Many of these schools now protect themselves against any serious redress by those students who were defrauded, by systematically forcing individual arbitration, rather than a public court fight or face exposure for their misdeeds in a class action. Therefore, when fraud is committed on a large scale basis - such as widespread lies covering up the fact the "accreditation" touted by the school's sales people to prospective students is worthless (very often not discovered until years later and tens of thousands of dollars of debt later) when they later try to transfer to a community college or four year university - these corporations needn't be worried by any serious repercussions. After all, insulated from large claims without the availability of class actions and no teeth in the federal government's Gainful Employment regulations (no student can sue even when the school deliberately lies and exaggerates their past graduate's financial outcomes), individual students' claims are mere gnats and a negligible cost of doing business. Therefore, when maximization of profit rather than ethics are a primary concern, it pays to put more sizzle than steak on the plate.
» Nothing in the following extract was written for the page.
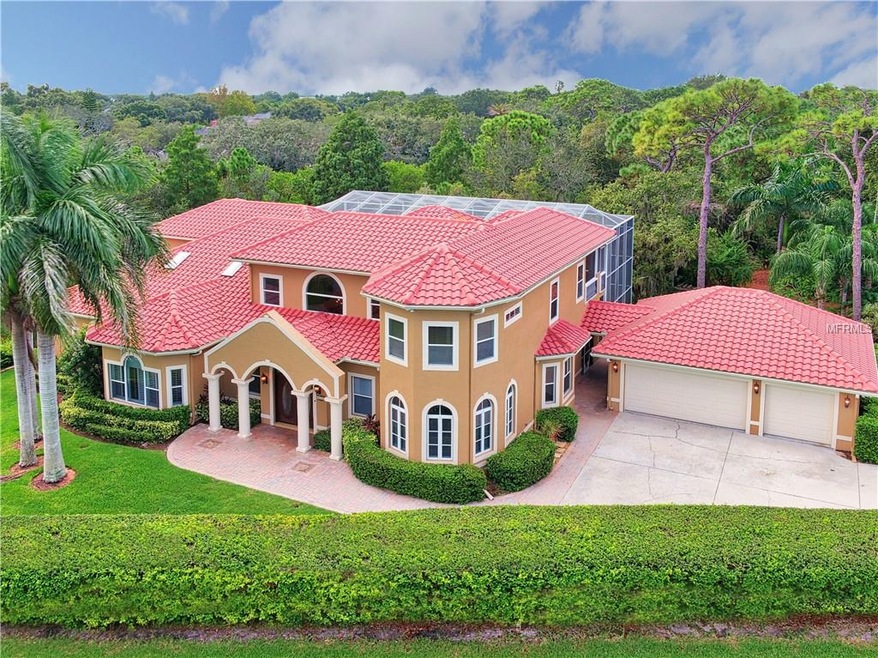 Exceptional custom built home, has it's own dock o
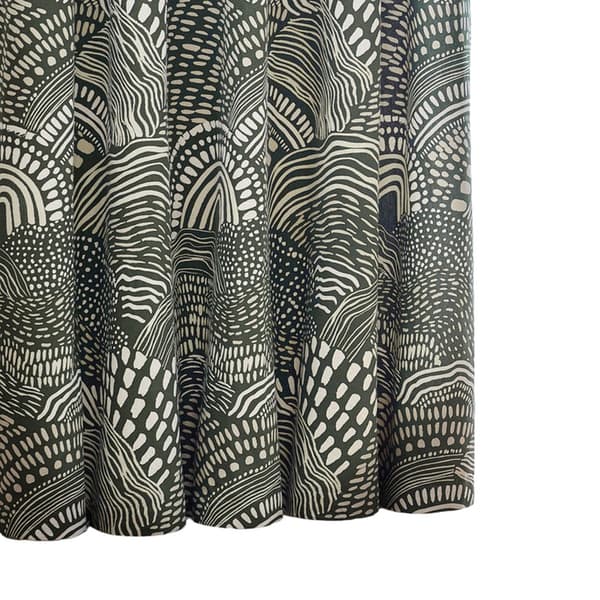 Hoem Nola Abstract Eyelet Curtains (Pack of 2)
The keynote speaker at the Association of Private Sector Colleges and Universities’ Annual Convention this June will be President Bush, whom I voted for and briefly volunteered in his presidential campaign. I sincerely hope President Bush will show more concern for providing serious educational products to students of those schools that provide a meaningful living, and not merely patting the schools on the back for making highly profitable investments for friends and people in the upper class. American education should always be about upward mobility. And from what I have seen, the vast cases of education products of for-profit vocational schools fail to enable their graduates to do so, but actually, incredibly, leave their students worse off than before enrollment.